Perché Andrea – auronzano – si è scelto una madre pittrice e un padre scultore del legno per passione.

Genitori che gli hanno trasmesso – già in tenera età – l’interesse, prima, e l’amore, poi, per l’arte in genere.

Bancario e artista? Ma che sorpresa, signora mia! direbbe qualche bello spirito.

Ora, a parte che – parafrasando il titolo di un celebre musical – ‘anche i bancari hanno un’anima’, la verifica va fatta sul campo e non per preconcetti.

Qualche breve appunto, allora.

Dopo gli anni in cui ha recitato il ruolo del curioso visitatore di mostre e rassegne, a inizio secolo Andrea decide di fare il gran salto.

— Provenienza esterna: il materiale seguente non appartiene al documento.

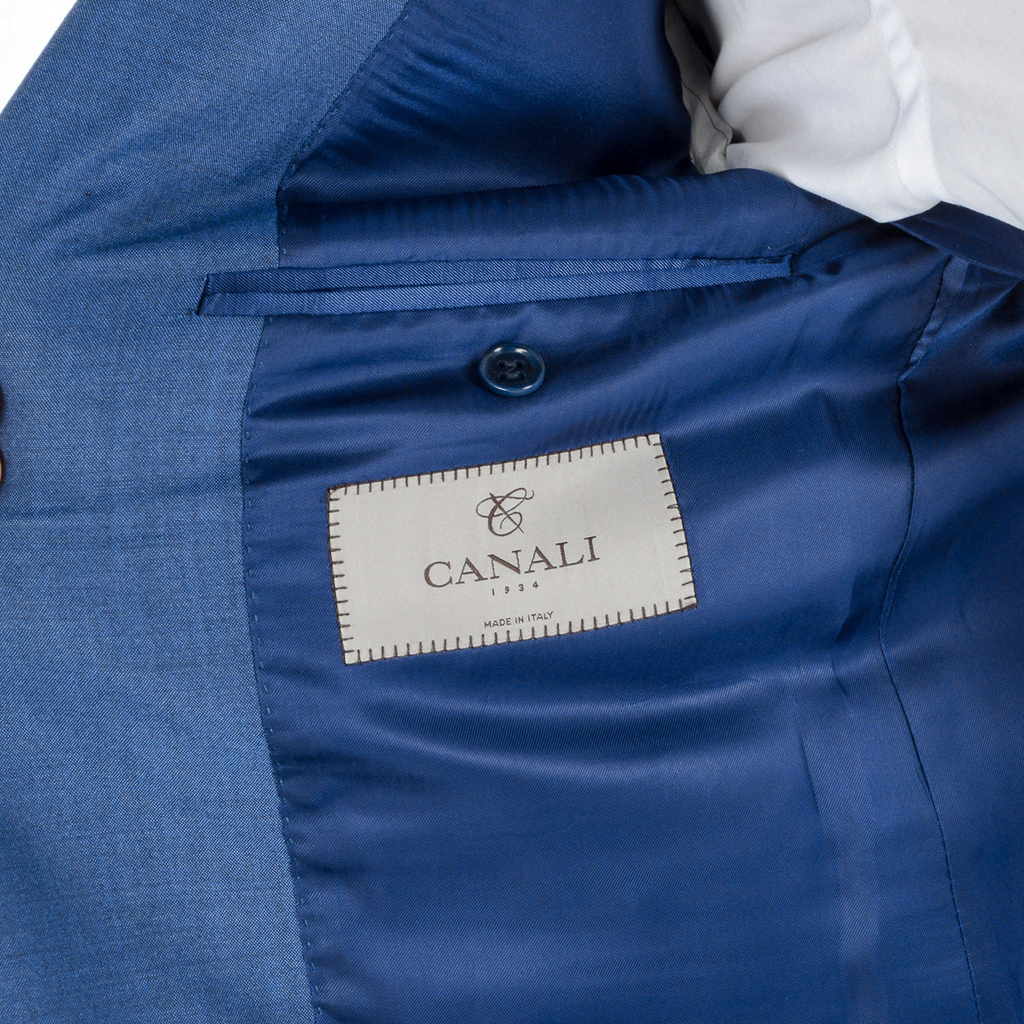 Abito da uomo Canali maniche lunghe blu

E inizia, evidentemente sentendosi preparato, con l’olio su tela.

Che, è cosa nota, postula uno studio preliminare non certo banale sui colori e la loro interazione. Avete mai pensato a che cosa serve, per esempio, per dipingere la neve (bianco su bianco?)

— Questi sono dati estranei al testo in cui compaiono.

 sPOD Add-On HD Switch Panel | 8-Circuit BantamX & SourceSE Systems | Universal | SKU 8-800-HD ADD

Il passo successivo e stato quello che – con un gioco di parole – direi ‘olio&obiettivo’.

Un’interazione tra le due passioni – pittura e fotografia – che gli ha permesso di esplorare i temi legati alla forma, ai soggetti, alla composizione dell’immagine (regola aurea) e ai sapienti giochi di luce e ombra.

E, finalmente, l’arrivo all’acquarello. L’oggetto di questa mostra. Un passaggio, uno snodo importante perchè questa tecnica non permette correzioni in corso d’opera. Ciò che viene via via fissato sulla carta, è il risultato finale

Chi ha pochi, e bianchi, capelli come me ricorda certamente come, nei primi anni di scuola, proprio l’acquerello rappresentasse la sola forma di espressione. Non era un caso, naturalmente.

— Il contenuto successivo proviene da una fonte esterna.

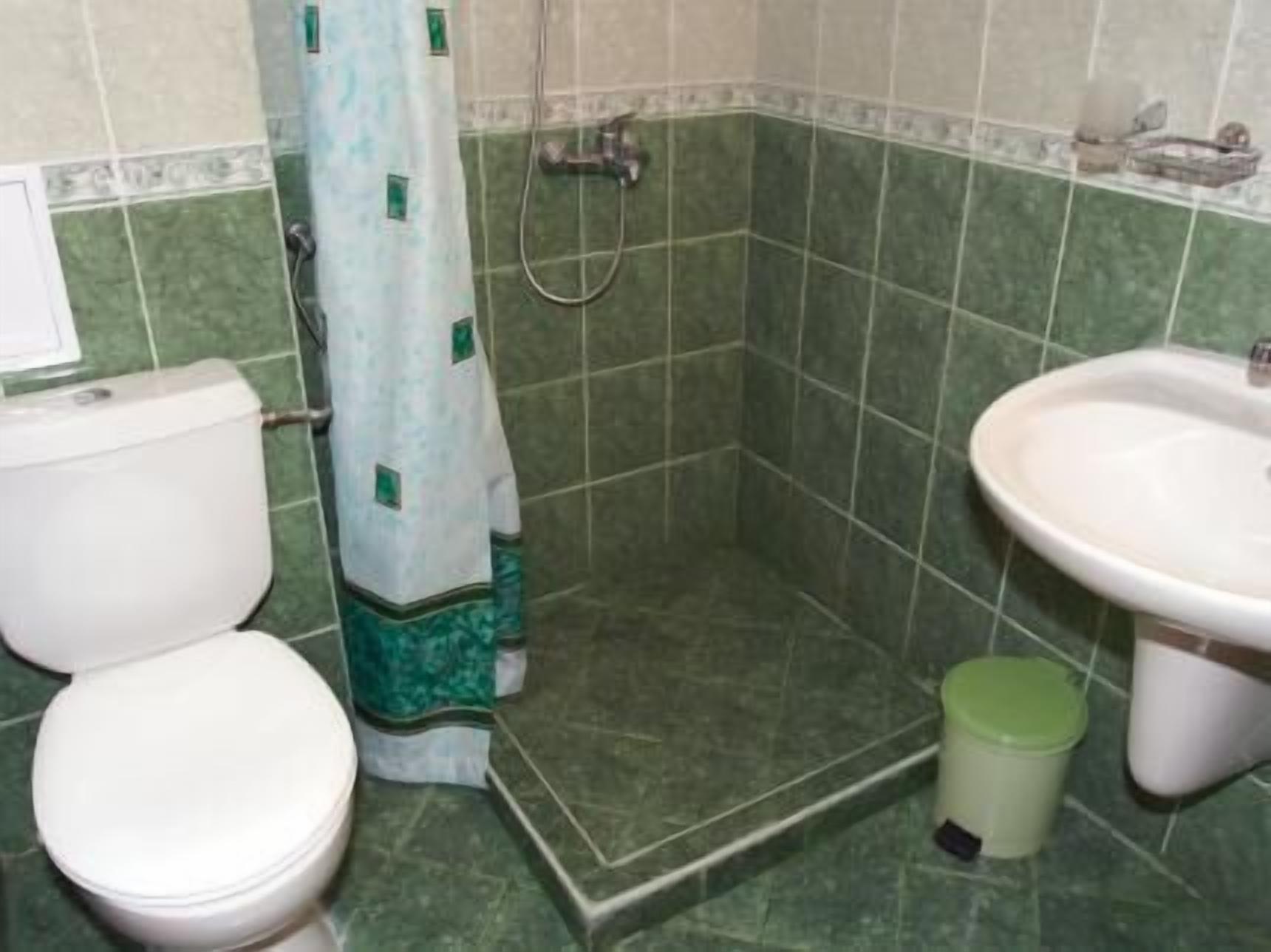 double or twin room | bathroom | shower, free toiletries, hair dryer, dressing gowns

Quando la scuola – con il suo carico di nozioni e di schemi abbastanza rigidi, d’accordo – aveva anche tante qualità, pareva normale usare l’acquarello. Una forma che permette la trasmissione delle emozioni con un numero minore di intermediazioni tecniche.

Naturalmente, c’è un baratro che separa i tentativi dei giovani d’allora (quorum ego) con quanto Andrea oggi ci propone. Ma quel tratto distintivo dell’acquarello rimane lo stesso. Oggi come allora.

Quelle che oggi possiamo ammirare sono opere di un’immediatezza straordinaria. Possiedono un potere quasi magico: ci portano a vedere, a sentire, a gustare un’emozione, un sentimento, un palpito.

Che possono essere – che spesso sono, direi addirittura che devono essere – diversi da quelli che ha provato Andrea quando s’era messo davanti al foglio e al cavalletto.

Ma non è questo l’importante. Non dobbiamo (sarebbe un ben misero approccio) duplicare in noi quello che è stato il sentire di Andrea.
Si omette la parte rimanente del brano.